Exercise details: Quote the data below in full, minus the images.

Supplied data:
================

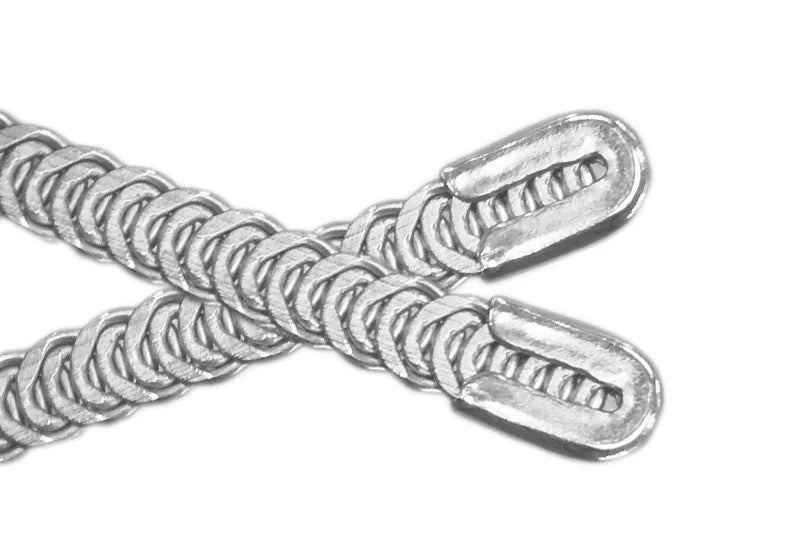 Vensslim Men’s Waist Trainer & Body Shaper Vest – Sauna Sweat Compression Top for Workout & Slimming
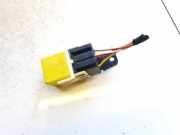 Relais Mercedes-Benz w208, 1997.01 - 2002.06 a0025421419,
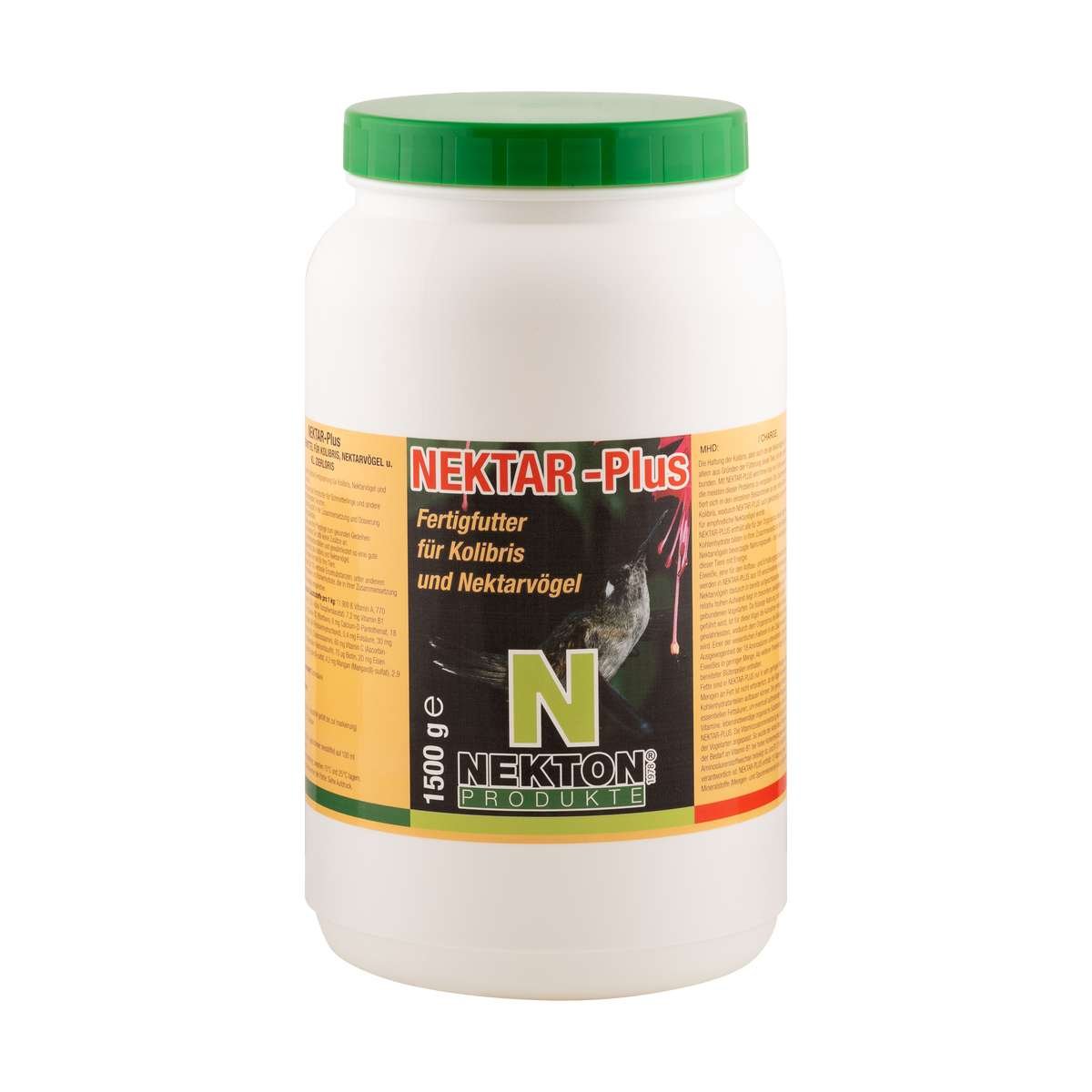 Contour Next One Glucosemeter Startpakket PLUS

================

Solved problem:
 Vensslim Men’s Waist Trainer & Body Shaper Vest – Sauna Sweat Compression Top for Workout & Slimming
 Relais Mercedes-Benz w208, 1997.01 - 2002.06 a0025421419,
 Contour Next One Glucosemeter Startpakket PLUS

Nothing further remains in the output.